EXERCISE MATERIAL:
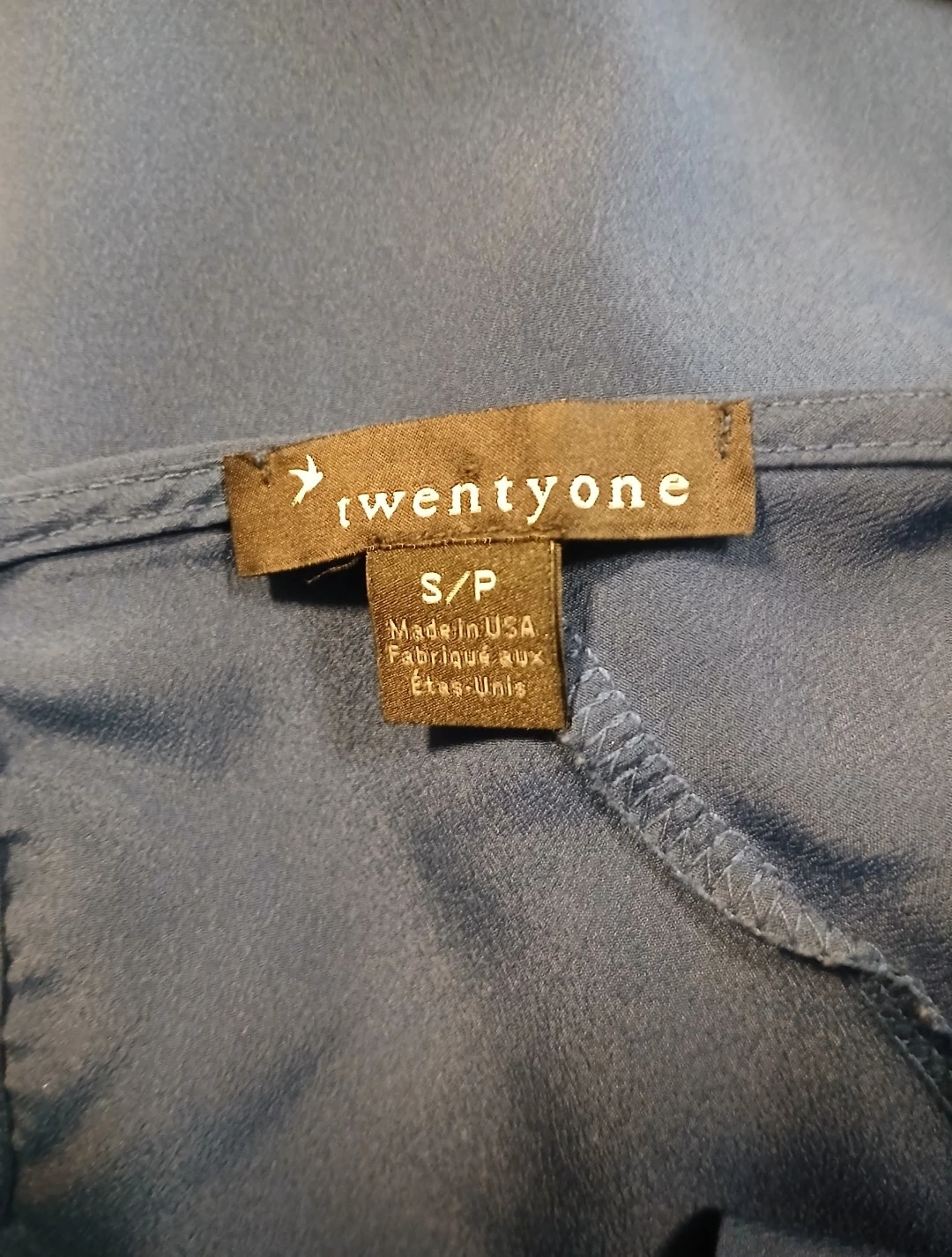 Two Womens Tops: Twentyone and Costa Blanca. Location on ad. - photo 3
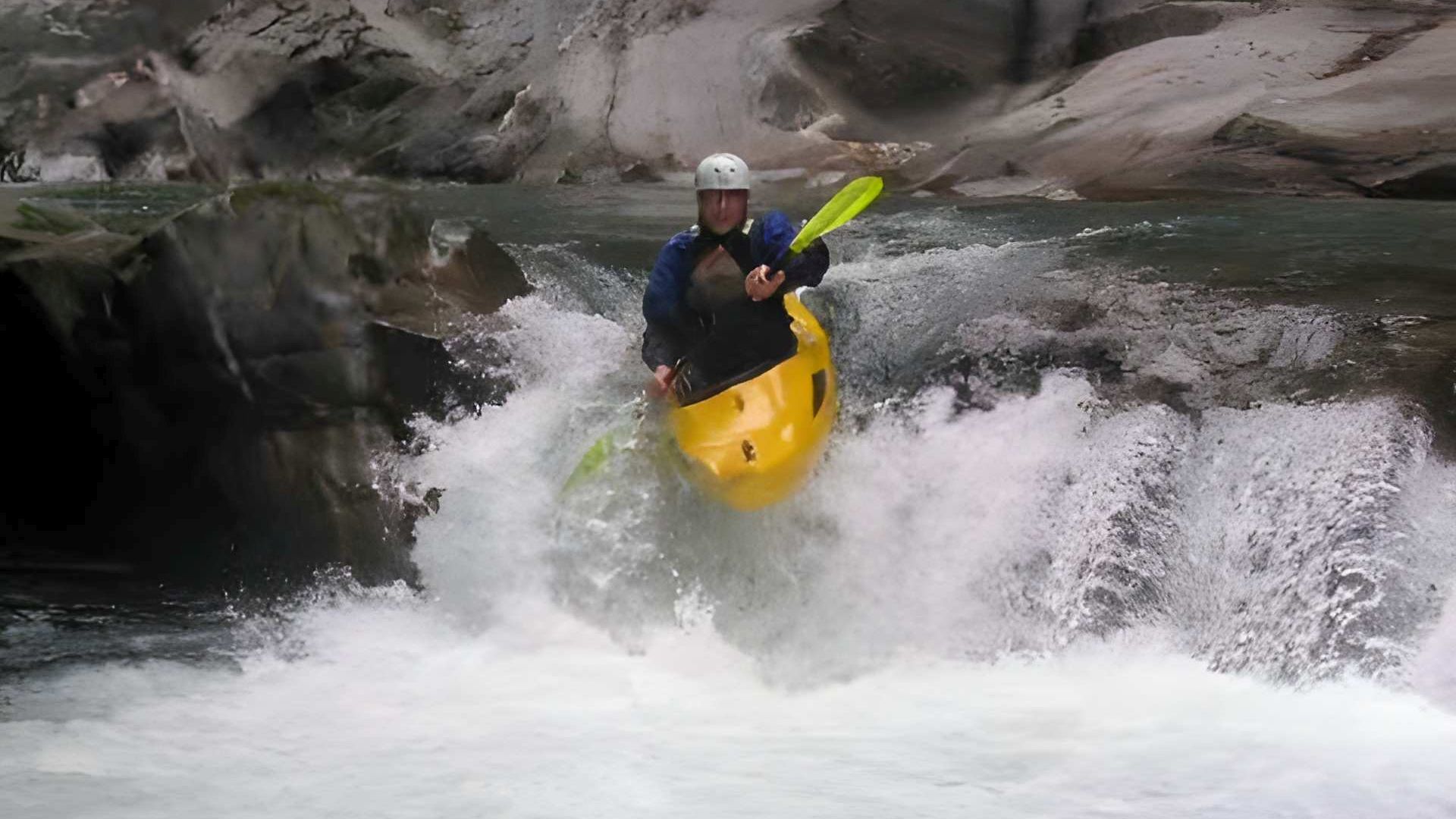 Kajak, Fluss Passer, Abschnitt Moos - Holzbrücke (Passerschlucht) eine Stufe unter vielen 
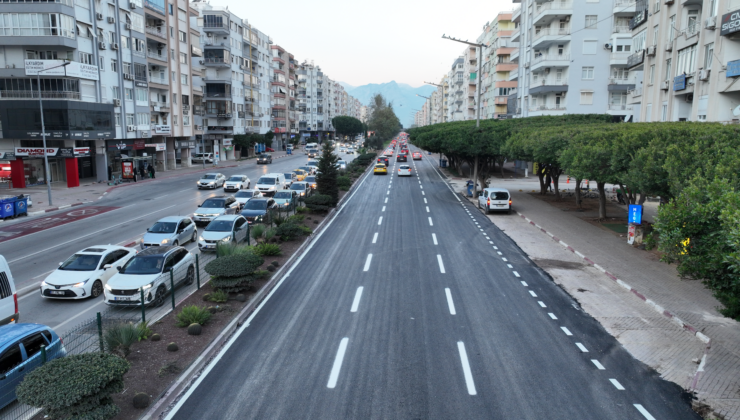 100. Yıl Bulvarı’nda Asfalt Çalışmasının İlk Etabı Tamamlandı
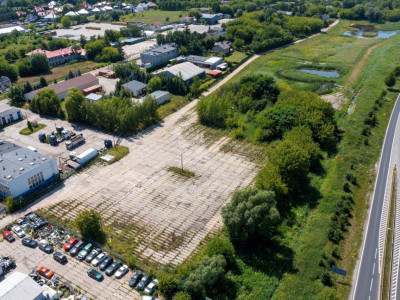 Utwardzona działka w bardzo atrakcyjnej lokalizacji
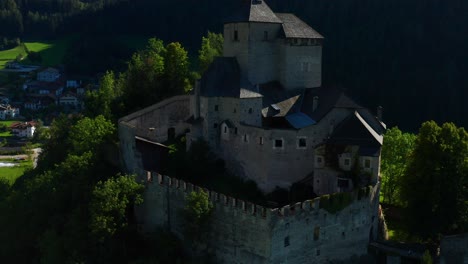 Gut-Erhaltene-Mittelalterliche-Burg-Reifenstein-Im-Trenser-Feld,-Bozen,-Italien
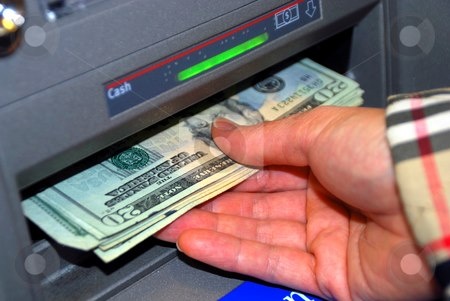 Chua cho the vao cay ATM da tu nha tien hinh anh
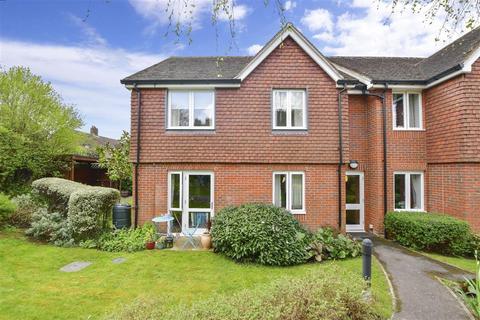 1 bedroom flat for sale - Station Road, Petworth, West Sussex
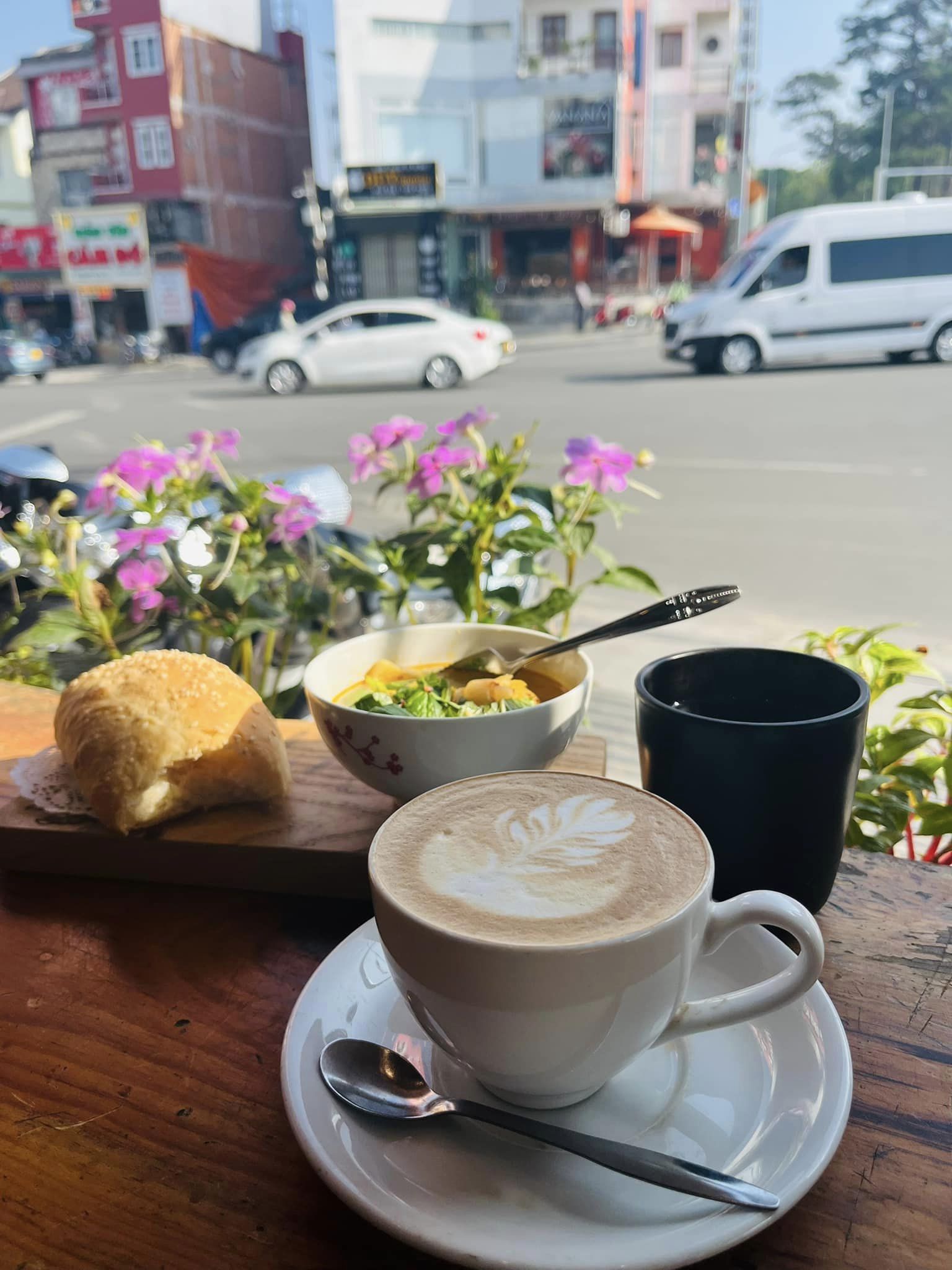 Cafe Tỏi Đen Đà Lạt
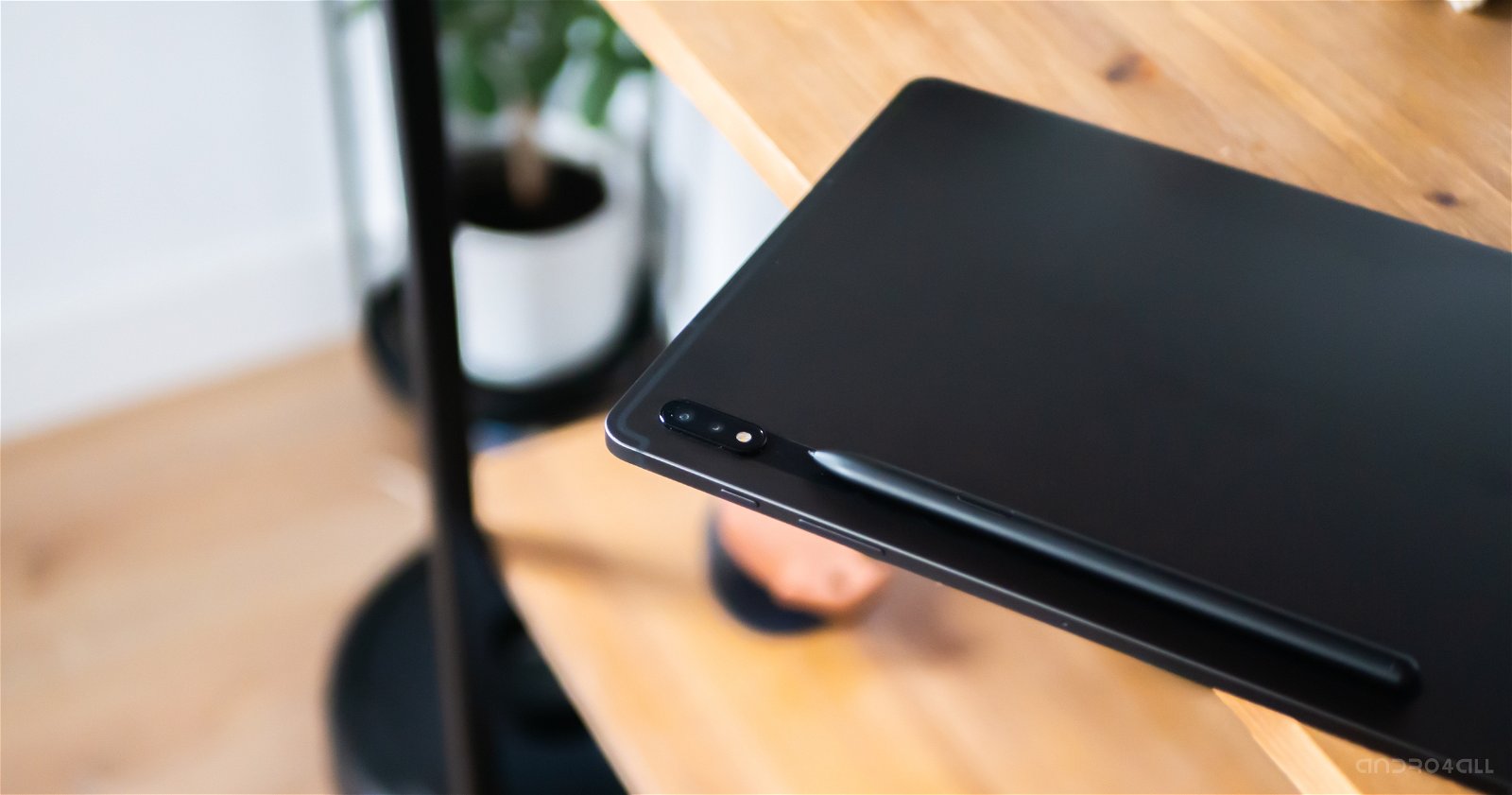 S Pen en la parte trasera de la Galaxy Tab S8+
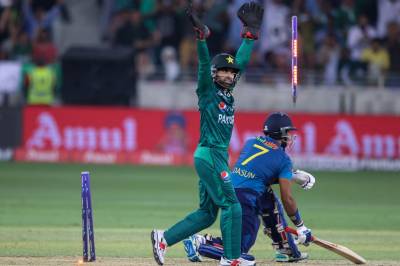 ایشیا کپ فائنل: راجاپکسا کی شاندار اننگز، سری لنکا کا پاکستان کو جیت کیلئے 171 رنز کا ہدف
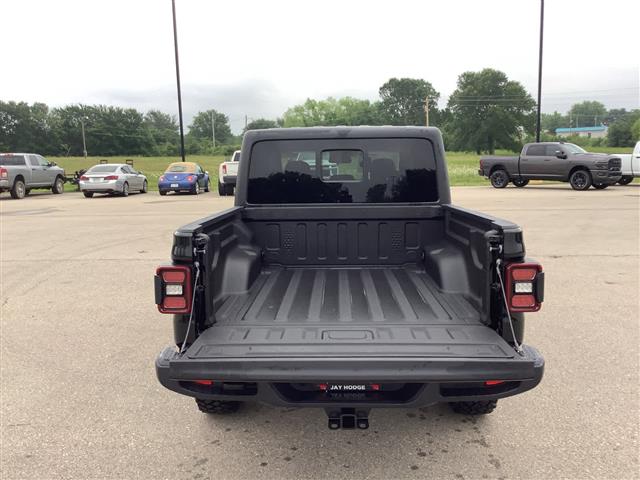 2025 Jeep Gladiator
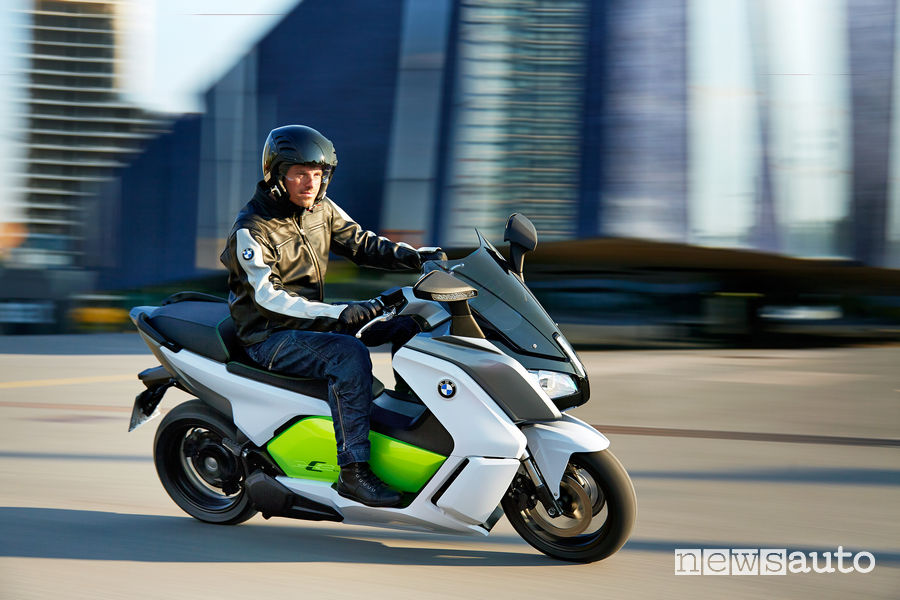 Motorini elettrici in autostrada: BMW C Evolution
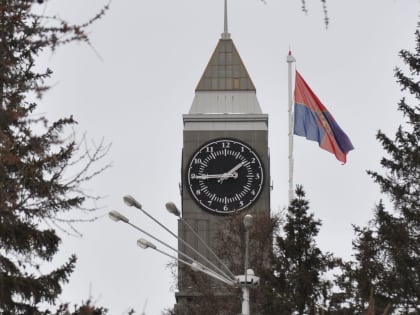 Николай Ренц объявил о сложении полномочий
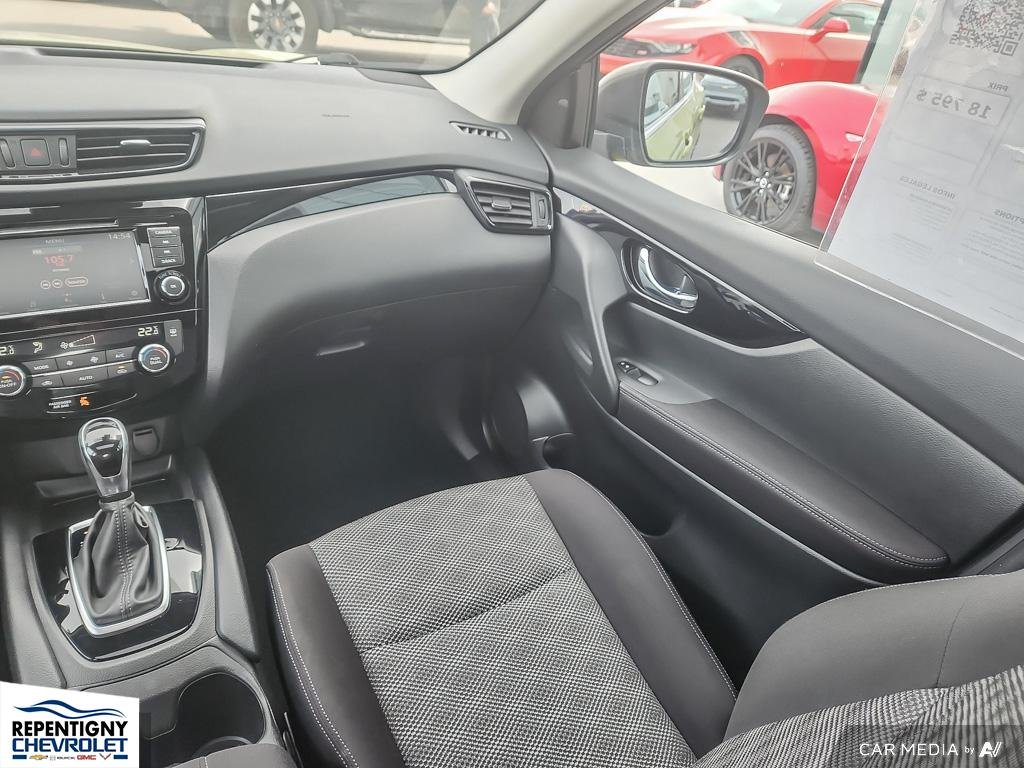 Nissan Qashqai SV , AWD 2019 à Charlemagne, Québec - 22 - w1024h768px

TASK TO COMPLETE: Only the lines from the start of the records to the one containing "2025 Jeep Gladiator" should be repeated, exactly and with both ends kept; drop any pictures.

SOLUTION BELOW:
 Two Womens Tops: Twentyone and Costa Blanca. Location on ad. - photo 3
 Kajak, Fluss Passer, Abschnitt Moos - Holzbrücke (Passerschlucht) eine Stufe unter vielen 
 100. Yıl Bulvarı’nda Asfalt Çalışmasının İlk Etabı Tamamlandı
 Utwardzona działka w bardzo atrakcyjnej lokalizacji
 Gut-Erhaltene-Mittelalterliche-Burg-Reifenstein-Im-Trenser-Feld,-Bozen,-Italien
 Chua cho the vao cay ATM da tu nha tien hinh anh
 1 bedroom flat for sale - Station Road, Petworth, West Sussex
 Cafe Tỏi Đen Đà Lạt
 S Pen en la parte trasera de la Galaxy Tab S8+
 ایشیا کپ فائنل: راجاپکسا کی شاندار اننگز، سری لنکا کا پاکستان کو جیت کیلئے 171 رنز کا ہدف
 2025 Jeep Gladiator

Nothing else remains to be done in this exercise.